In college, during a break at my first job working at the dining commons, one of the cooks was discussing this true crime book with others.  He was talking about how it was the inspiration for The Silence of the Lambs.  I asked him about it and it turned out to be John Douglas’ Mindhunter.   John Douglas was one of the pioneering profilers in the FBI.  He did it when it was very unpopular and people dismissed it as mystical hogwash and a waste of time.  I listened to a library copy of the book-on-tape later in the year.  It was one of the most haunting experiences I’ve had to this day.  It was an eye-opener.  It’s one of those things that really matters.   John Douglas has gone on record stating that he does not like the term “Behavioral Sciences” as he prefers “Investigative Support Unit.”  John Douglas was also the FBI consultant for the film.  

Clarice Starling
Notice the pictures on the right (her left).  This visual detail reveals that Bill likes lap dances.
The Silence of the Lambs is the best structured film (credit goes to screenwriter Ted Tally) and, perhaps, novel (credit goes to author Thomas Harris), in my opinion.  There are three types of films in the Myster/Thriller genre continuum.  There’s the perfect mystery where the killer is not revealed until the end (Deep Red, Scream, and Blood Work).  There’s the perfect thriller where the killer is known throughout (Dirty Harry and The Terminator).  Then there’s the mystery that turns into a thriller along the way and that’s what The Silence of the Lambs is.  The first season of Dexter is another fine example of the guessing game turning into a pure thriller.  The dramatic irony of being ahead of the protagonist and anxiously hoping and waiting for them to catch up is arguably the most powerful experience the movies have to offer.  This is also known as suspense.

NAZI pinup in basement
Another intriguing detail from Bill's basement lair.     
In addition to the above and the simple and clear goals of the characters and set-up of the main tension, there is the double climax structure and two equally stunning misdirects/reveals.  Structurally, this is the film to beat.  Dexter also was exceedingly good at misdirects and reveals and climax stacking.  It’s all cohesive. 

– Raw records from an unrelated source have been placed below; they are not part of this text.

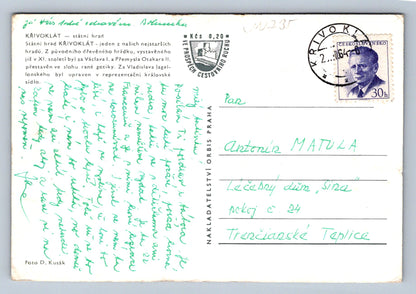 Pohlednice Křivoklát - Státní hrad zelený text (JN735)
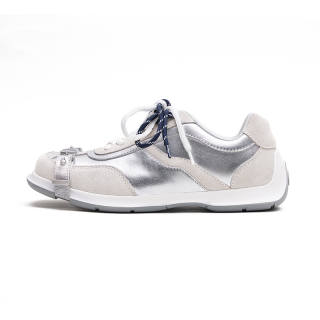 ABCICEY Slip Resistant, Abrasion Resistant, Lightweight Low top Casual Shoes Unisex White Silver
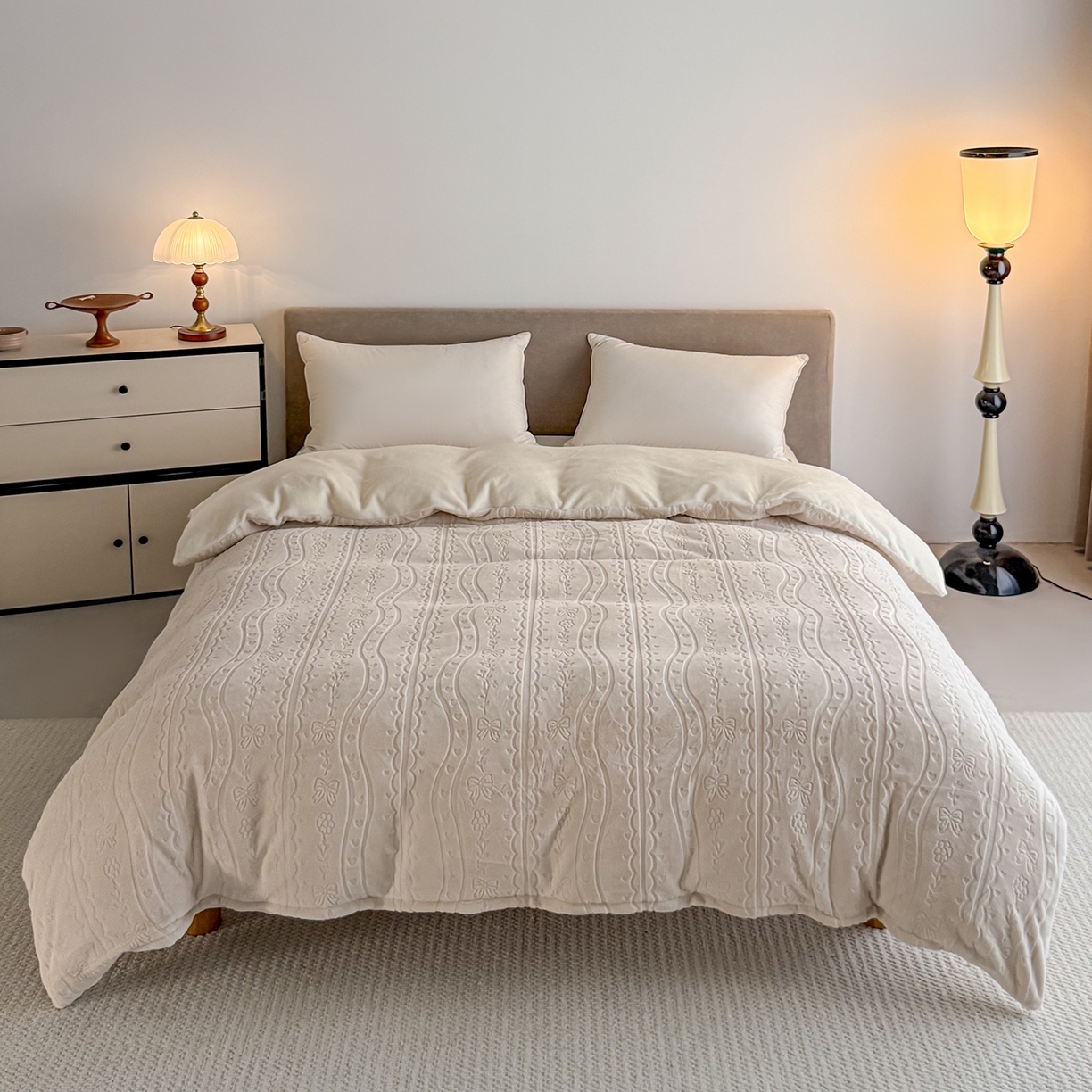 91家纺网 家纺一手货源 找家纺 （总）锦罗绣 2025新款全消光烂花230克牛奶绒单被套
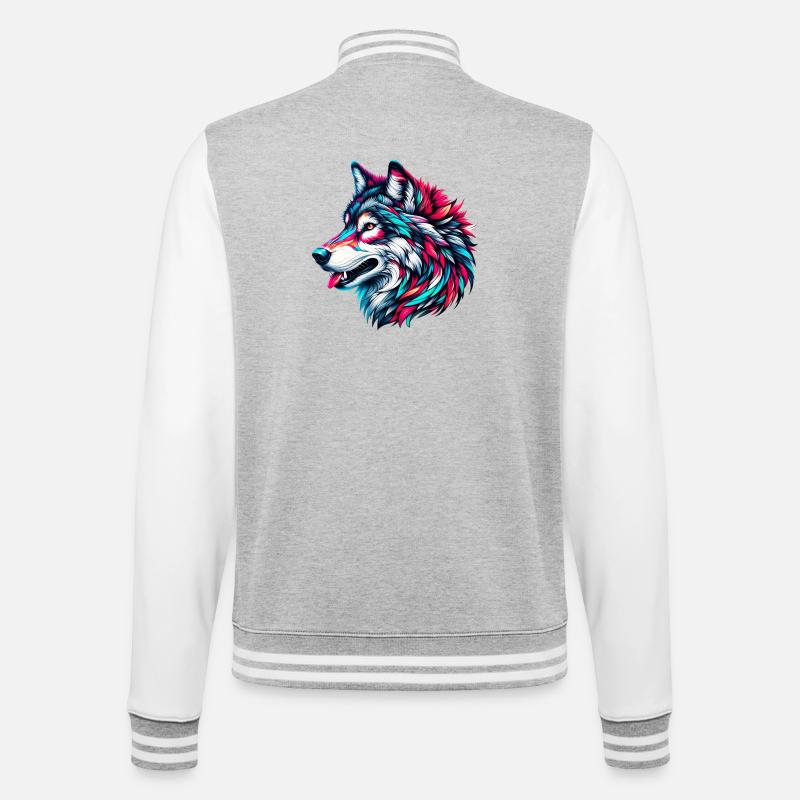 Wolf - College-Sweatjacke - Grau meliert/Weiß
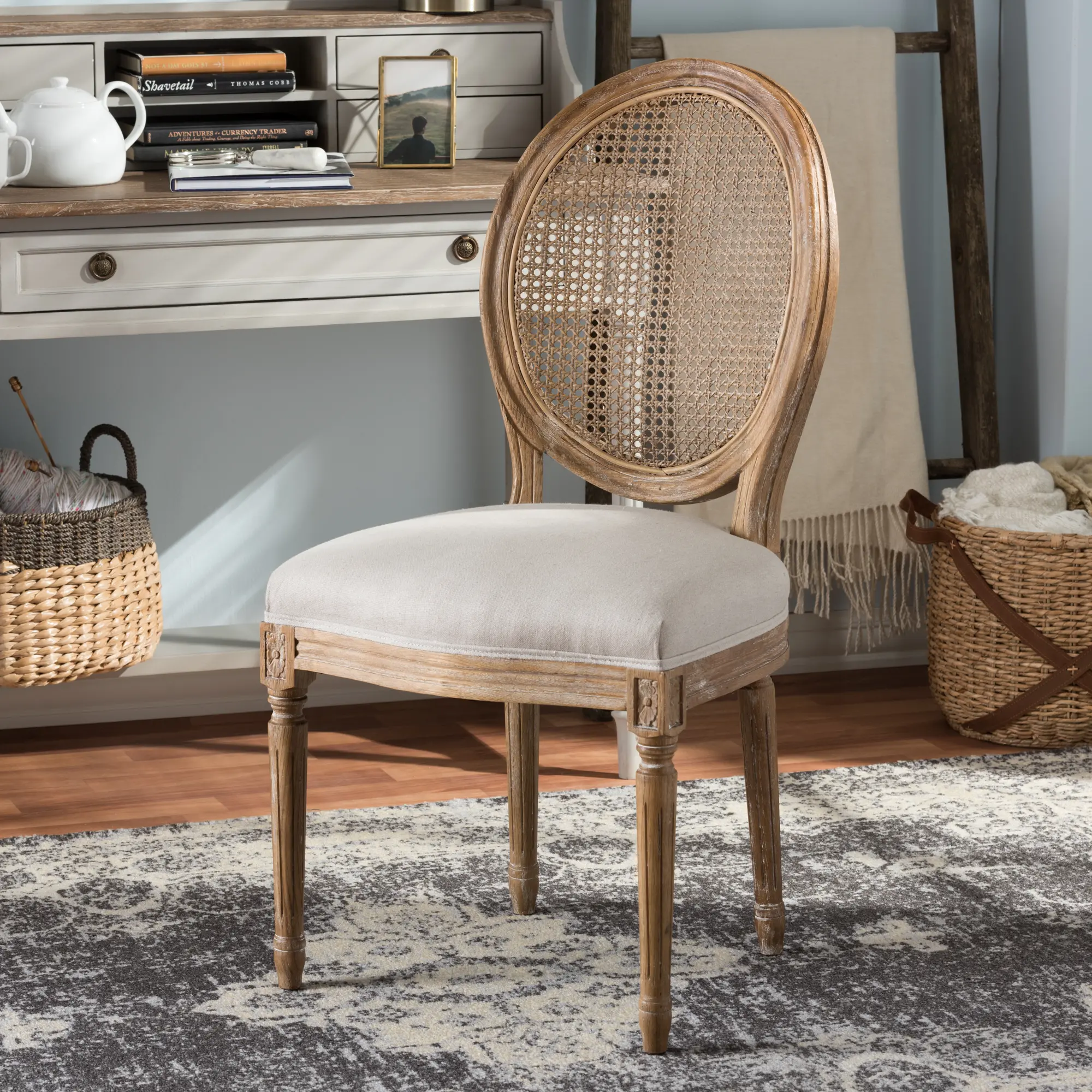 French Vintage Cane Back Upholstered Dining Room Chair - Adelia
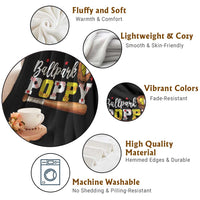 Ballpark Poppy Baseball and Softball Grandpa Throw Blanket Sports Grandfather Game Day Birthday Gifts
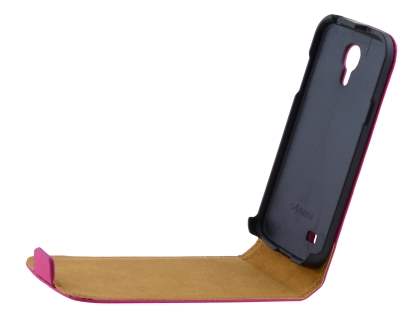 Slim Genuine Leather Flip Case for Samsung Galaxy S4 mini - Hot Pink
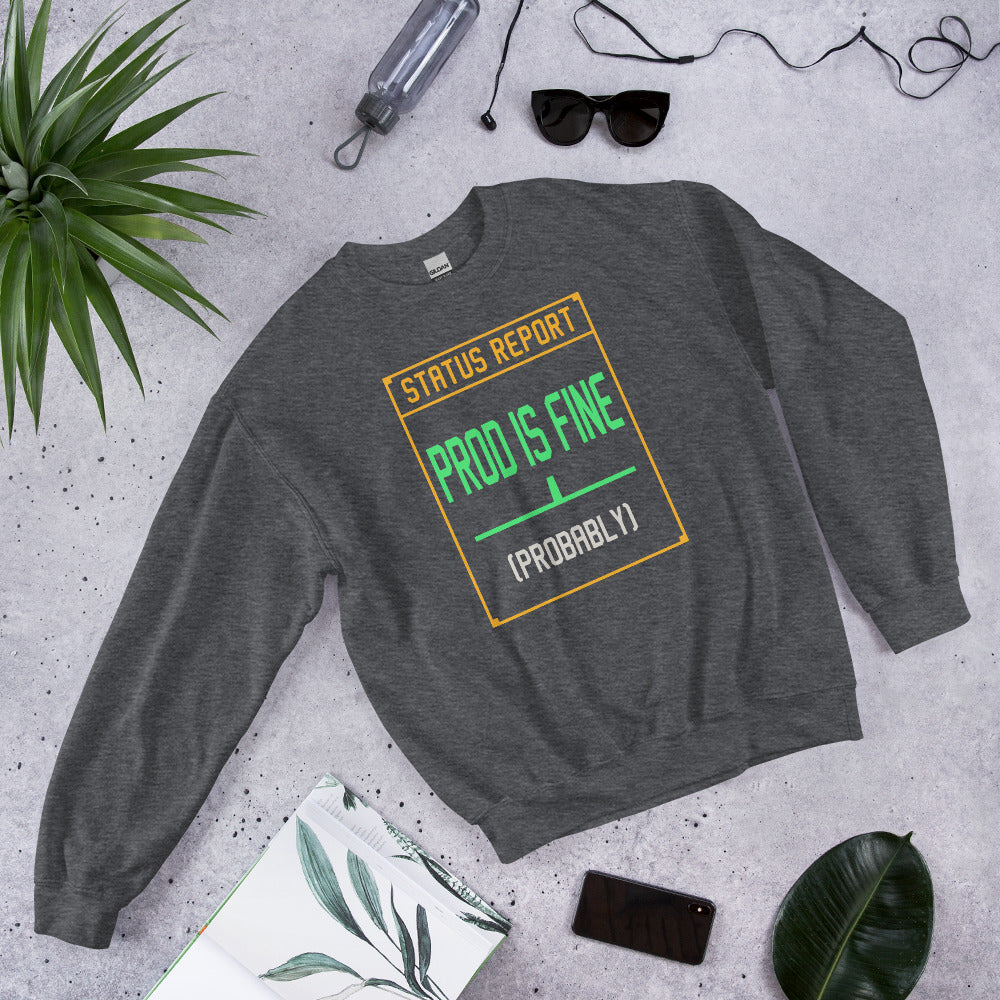 Prod Is Fine programmer crewneck — Dark Heather, front-right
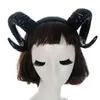 Hair Rubber Bands Gothic Halloween Women Girls Headband Sheep Horn Forest Animal Cosplay Costume Hoop Demon Evil Plastic Party Po Props 230512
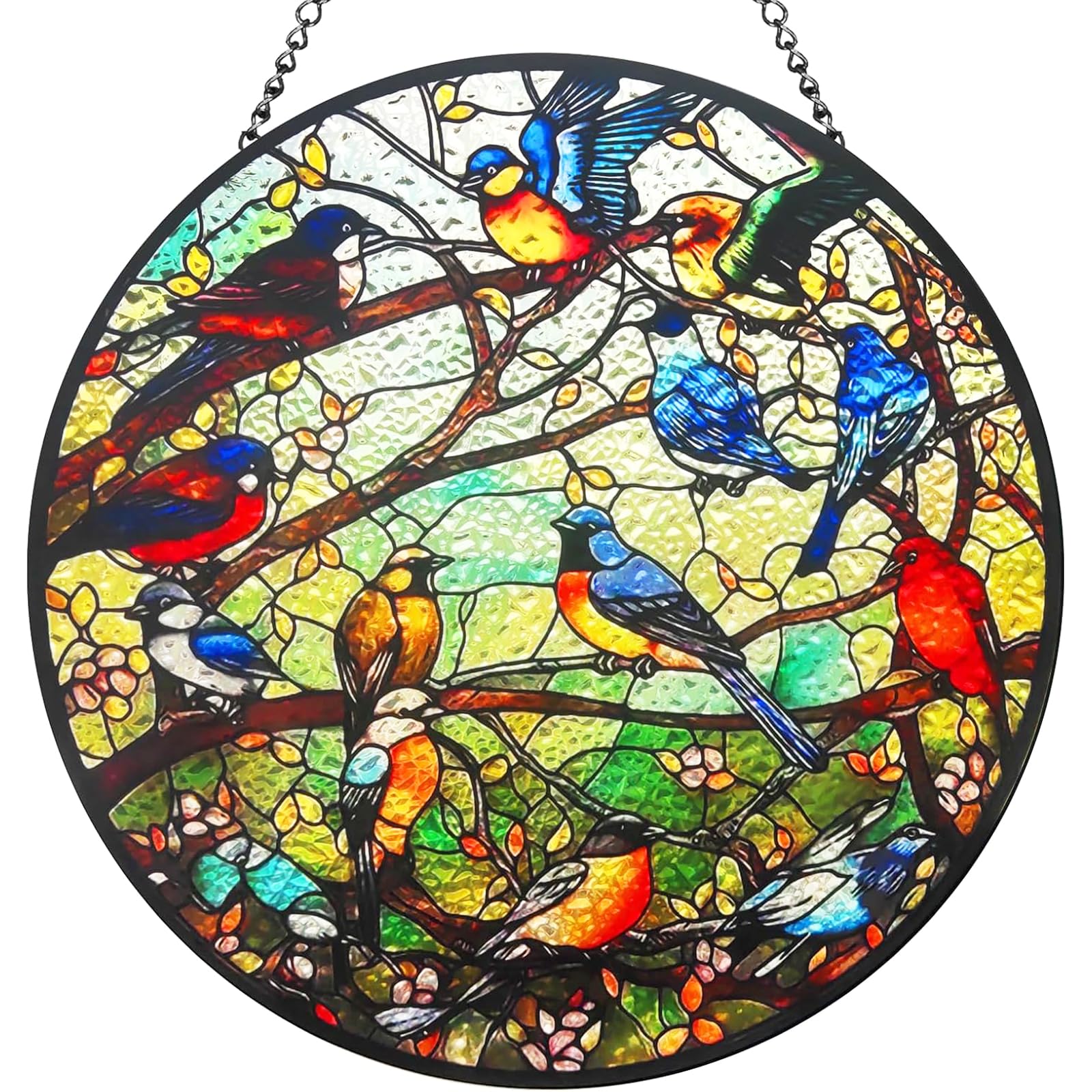 RIVEENY Hummingbird Stained Glass Window Hangings,8''Handmade Bird Sun Catcher for Home Window,Bird Lover Gift-image-44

Buffalo Bill Newspaper clippings
Visual poetry.  The main tension ends, visually, the way it began, with Buffalo Bill images and headlines.
Howard Shore’s musical score must be mentioned.  Bold and staggering statements by strings and brass accentuated by percussion such as gongs (or tam tams) mix with woodwind trills, tremolos, and ostinato arpeggios to create a swirling portal into the psyche of Starling and the soul of this world.  Shore imbues the film with a sonic timelessness and his music is the main reason I get the chills time and time again.  

Baffalo Bill and America
More details.  Bill's twisted patriotism.
Lastly, I must praise the rich visual details of the film.  The FBI Academy recreation, the Smithsonian details, the asylum, the storage facility, and every scene is pretty much crammed with convincing detail.  The best example has to be Buffalo Bill’s underground lair.  From mannequins to tanks to sewing machines to Nazi bedding, there is just so much to see and learn about the character.
Quite simply, the film got everything right.      

Closing Scene Ending Scene
My favorite kind of closing shot, where the camera pulls up and away to survey the scene.
Dirty Harry is another great example featuring the same kind of closing shot.  These shots are always so tantalizing.  Such small stories in such a big world to go on and we are left to wonder what comes next.  Sometimes we get to know, and when we do get to know sometimes we're satisfied.